SQL> create table t23 (col1 varchar2(4000), col2 varchar2(4000))
2 /

Table created.

SQL> create index t23_i on t23(col1,col2)
2 /
create index t23_i on t23(col1,col2)
*
ERROR at line 1:
ORA-01450: maximum key length (6398) exceeded

SQL>

But above all else, columns sizes are a form of error checking. If the column is supposed to be ten characters long and some autonomic process is trying to load a thousand characters then something is wrong. The process ought to fail, so we can investigate why we are loading duff data. The alternative is a database full of garbage, and if that is what was wanted we should just have given everybody Excel and have done with it.

It is true that changing the column size when it turns out we have underestimated can be tiresome. But it doesn't happen very often, and we can mitigate a lot of the pain by using %TYPE and SUBTYPE declarations in our PL/SQL instead of hard-coding variable lengths.


"why no such declaration in NUMBER type"

Numbers are different. For a start, the maximum size of a number is much smaller than the text equivalent (38 digits of guaranteed precision).

But the key difference is that Oracle stores numeric values in scientific notation so there is not a straightforward relationship between the arithmetical size of the number and the storage space it consumes.

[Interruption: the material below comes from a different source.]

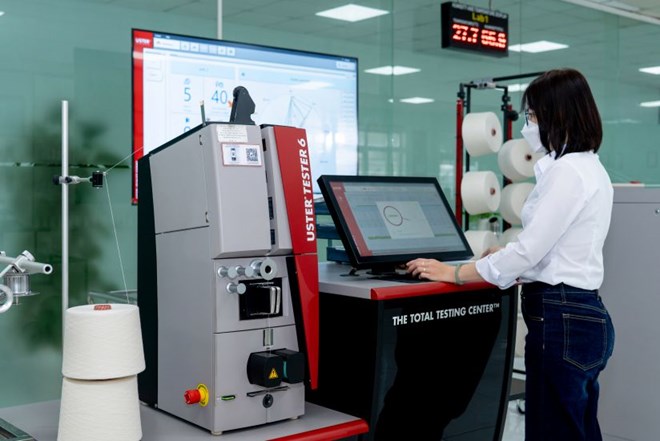 Tổng Công ty Cổ phần Dệt may Hòa Thọ chuyển đổi số toàn diện các mặt hoạt động từ sản xuất đến kinh doanh. Ảnh: Tổng Công ty Cổ phần Dệt may Hòa Thọ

SQL> select vsize(123456789012345678901) n1
2 , vsize(999999999999999999999999999999) n2
3 , vsize(0.000000000000000000001) n3
4 , vsize(1000000000000000000000000) n4
5 from dual
6 /

N1 N2 N3 N4
---------- ---------- ---------- ----------
12 16 2 2

SQL>

Nevertheless, it remains good practice to specify scale and precision wherever possible, especially when we are dealing with integers, say, or money.

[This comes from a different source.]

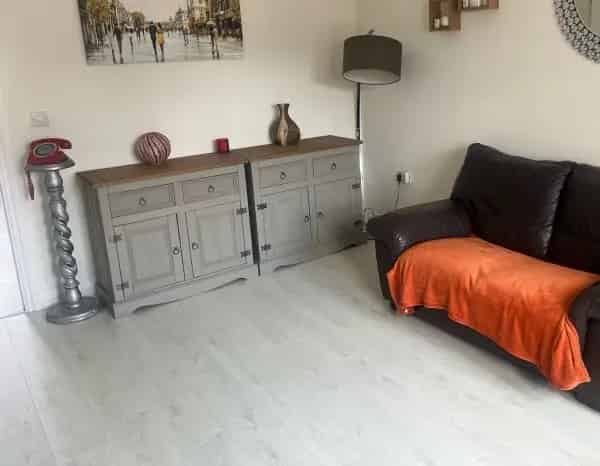 3 Bedroom Semi-Detached House Near Wantage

Does VARCHAR size limit matter?

In general, for a VARCHAR field, the amount of data stored in each field determines its footprint on the disk rather than the maximum size (unlike a CHAR field which always has the same footprint).

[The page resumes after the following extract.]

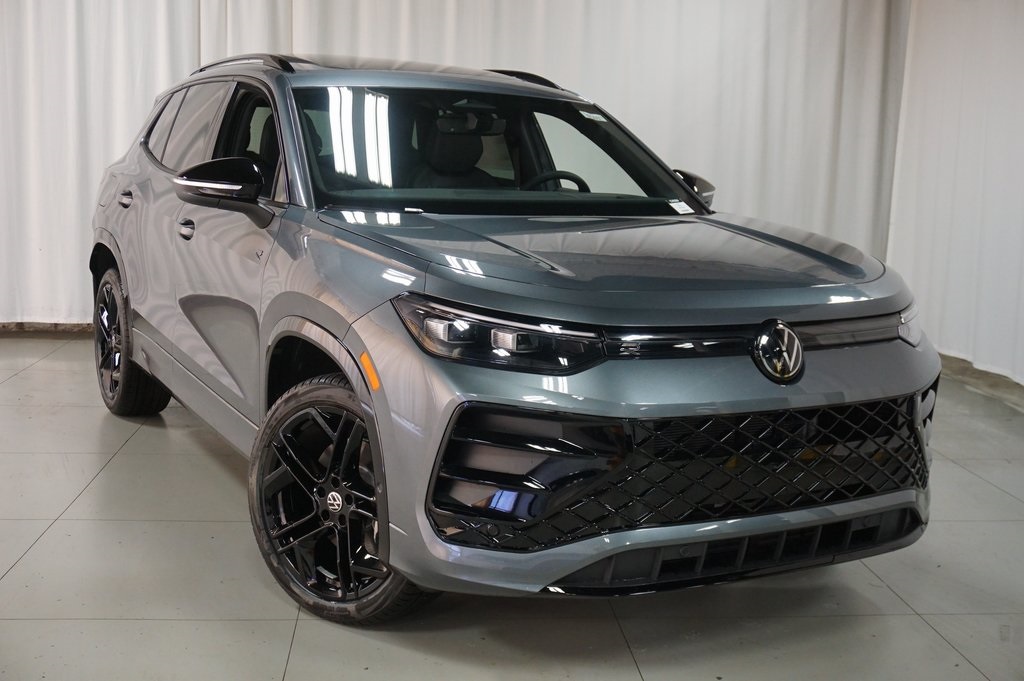 2025 Volkswagen Tiguan SE R-Line Black photo 2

There is an upper limit on the total data stored within all fields of an index of 900 bytes (900 byte index size limit in character length).

The larger you make the field, the more likely people will try to use for purposes other than what you intended - and the greater the screen real-estate required to show the value - so its good practice to try to pick the right size, rather than assuming that if you make it as large as possible it will save you having to revisit the design.

Importance of varchar length in MySQL table

No, in the sense that if the values you're storing in that column are always (say) less than 50 characters, declaring the column as varchar(50) or varchar(200) has the same performance.